Très volontiers, dit Martin : on dit que Venise n’est bonne que pour les nobles vénitiens, mais que cependant on y reçoit très bien les étrangers quand ils ont beaucoup d’argent ; je n’en ai point ; vous en avez, je vous suivrai partout. Very gladly, says Martin: they say that Venice is good only for Venetian nobles, but that, however, foreigners are very well received there when they have a lot of money; I have none; you have some, I will follow you everywhere. A propos, dit Candide, pensez-vous que la terre ait été originairement une mer, comme on l’assure dans ce gros livre qui appartient au capitaine du vaisseau[1] ? Je n’en crois rien du tout, dit Martin, non plus que de toutes les rêveries qu’on nous débite depuis quelque temps. No me creo nada de eso", dice Martin, "y no me creo ninguna de las tonterías que llevamos tiempo oyendo. Não acredito, diz Martin, mais do que acredito em todos os devaneios que nos dizem há algum tempo. Mais à quelle fin ce monde a-t-il donc été formé ? But to what end was this world formed?

dit Candide. Pour nous faire enrager, répondit Martin. N’êtes-vous pas bien étonné, continua Candide, de l’amour que ces deux filles du pays des Oreillons avaient pour ces deux singes, et dont je vous ai conté l’aventure ? Aren't you very surprised, continued Candide, at the love that these two girls from the country of Oreillons had for these two monkeys, and whose adventure I have told you? Você não está muito surpreso, continuou Cândido, com o amor que essas duas meninas do país de Oreillons tinham por esses dois macacos, e cuja aventura eu lhe contei? Point du tout, dit Martin, je ne vois pas ce que cette passion a d’étrange ; j’ai tant vu de choses extraordinaires, qu’il n’y a plus rien d’extraordinaire pour moi. Croyez-vous, dit Candide, que les hommes se soient toujours mutuellement massacrés comme ils font aujourd’hui ?

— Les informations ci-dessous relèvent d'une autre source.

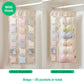 Underwear Storage Bag Wall-mounted Hanging Bag Bra Socks Storage Bag Wardrobe Dormitory Hanging Fabric Storage Artifact Dust-proof Storage Bag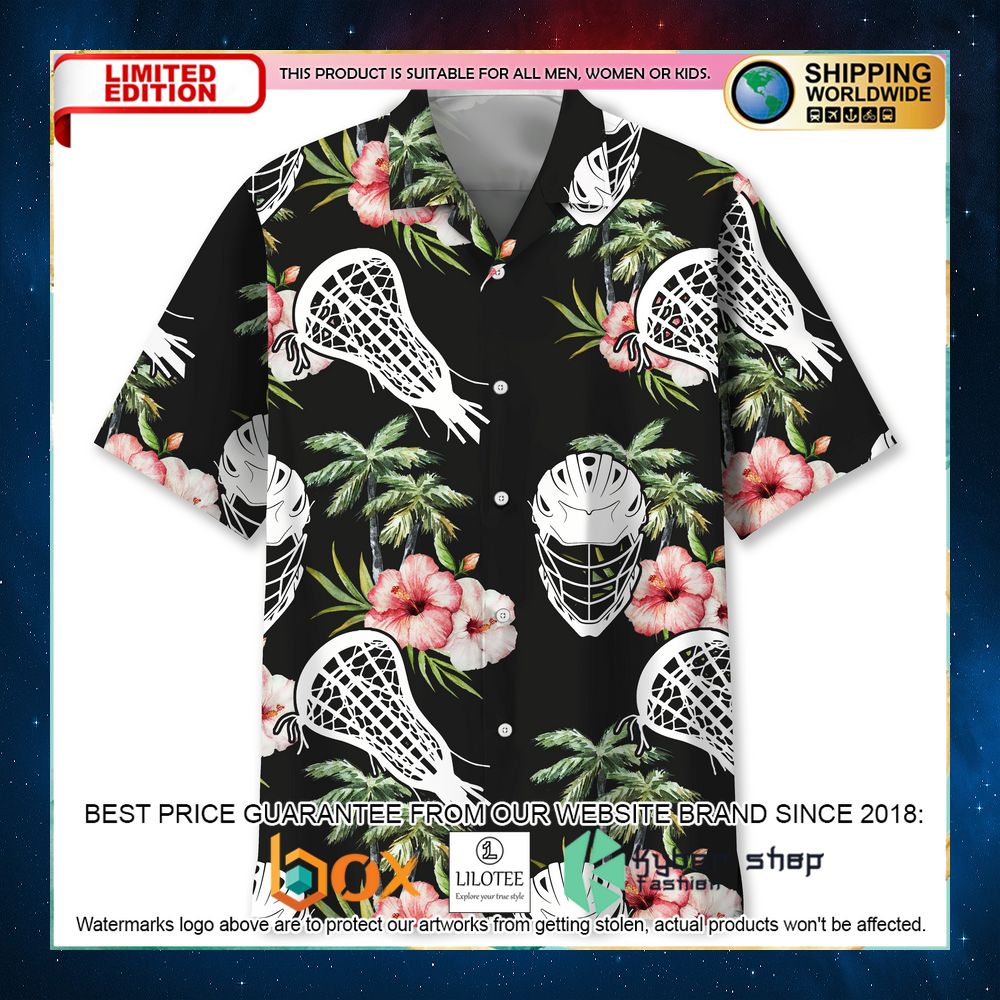 lacrosse nature flower hawaiian shirt 1 392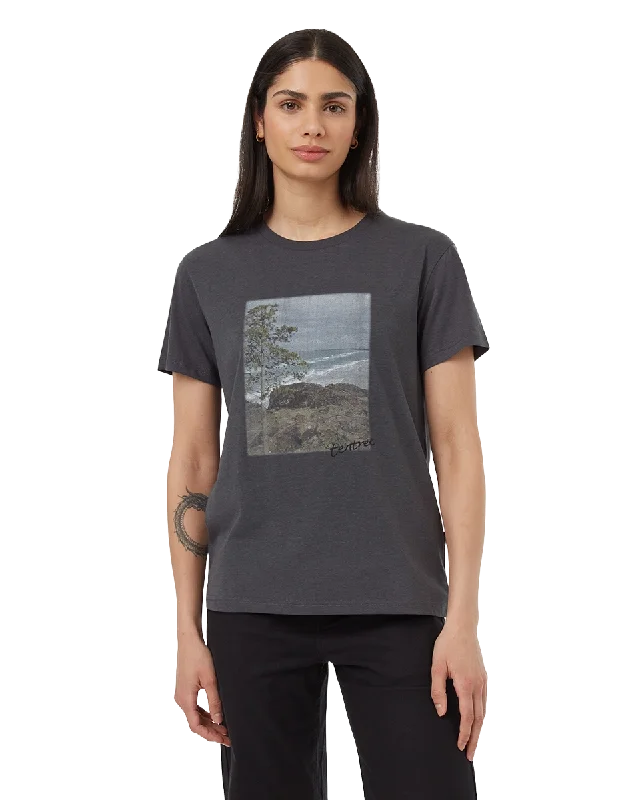 Tentree Vintage Photo T-Shirt - Womens Zippered Buttoned Snapped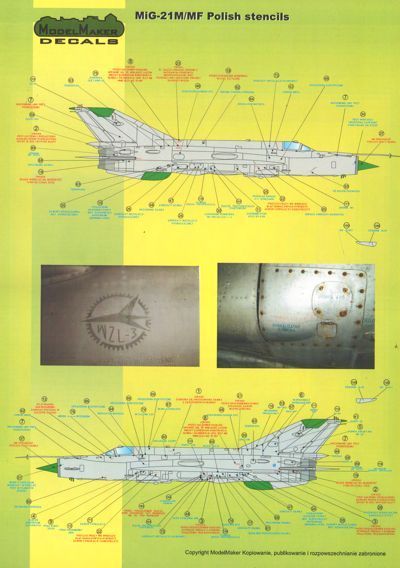 1:48 Mig-21pfm/M/Mf/Bis Polish Stencils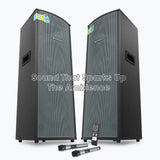 Zebronics Rockstar ZEB MONSTER PRO 2X12L3 300W RMS DJ Speaker dual UHF wireless mics for karaoke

qu’ils aient toujours été menteurs, fourbes, perfides, ingrats, brigands, faibles, volages, lâches, envieux, gourmands, ivrognes, avares, ambitieux, sanguinaires, calomniateurs, débauchés, fanatiques, hypocrites, et sots ? que siempre han sido mentirosos, embusteros, traicioneros, desagradecidos, bandidos, débiles, volubles, cobardes, envidiosos, codiciosos, borrachos, avaros, ambiciosos, sanguinarios, calumniadores, libertinos, fanáticos, hipócritas y necios? que sempre foram mentirosos, enganadores, pérfidos, ingratos, bandidos, fracos, inconstantes, covardes, invejosos, gananciosos, bêbados, avarentos, ambiciosos, sanguinários, caluniadores, devassos, fanáticos, hipócritas e tolos? Croyez-vous, dit Martin, que les éperviers aient toujours mangé des pigeons quand ils en ont trouvé ? Você acredita, disse Martin, que os falcões sempre comem pombos quando os encontram? Oui, sans doute, dit Candide. Eh bien ! dit Martin, si les éperviers ont toujours eu le même caractère, pourquoi voulez-vous que les hommes aient changé le leur ? Oh ! dit Candide, il y a bien de la différence, car le libre arbitre…. says Candide, there is indeed a difference, for free will....

En raisonnant ainsi, ils arrivèrent à Bordeaux. [1] La Bible.

On lit dans la Genèse, chapitre Ier, verset 2 : Tenebrae erant super faciem abyssi, paroles que De Maillet donne comme présentant la même idée que ce vers d’Ovide ( Métam ., 1, 15) : « Quaque erat et tellus, illic et pontus et aer. In Genesis, chapter I, verse 2, we read: Tenebrae erant super faciem abyssi, words that De Maillet gives as presenting the same idea as this verse by Ovid ( Métam ., 1, 15): "Quaque erat et tellus, illic et pontus et aer. » Voyez la première journée de Telliamed , où il est dit que la mer a été supérieure d’an grand nombre de coudées à la plus haute de toutes nos montagnes . "See the first day of Telliamed, where it is said that the sea was many cubits higher than the highest of all our mountains. "Véase el primer día de Telliamed, donde se dice que el mar era muchos codos más alto que la más alta de todas nuestras montañas. Voltaire parle souvent de De Maillet et de son Telliamed.

Voyez entre autres, dans les Mélanges , année 1768, le chapitre XVIII des Singularités de la nature ; et année 1777, le onzième des Dialogues d’Evhémère.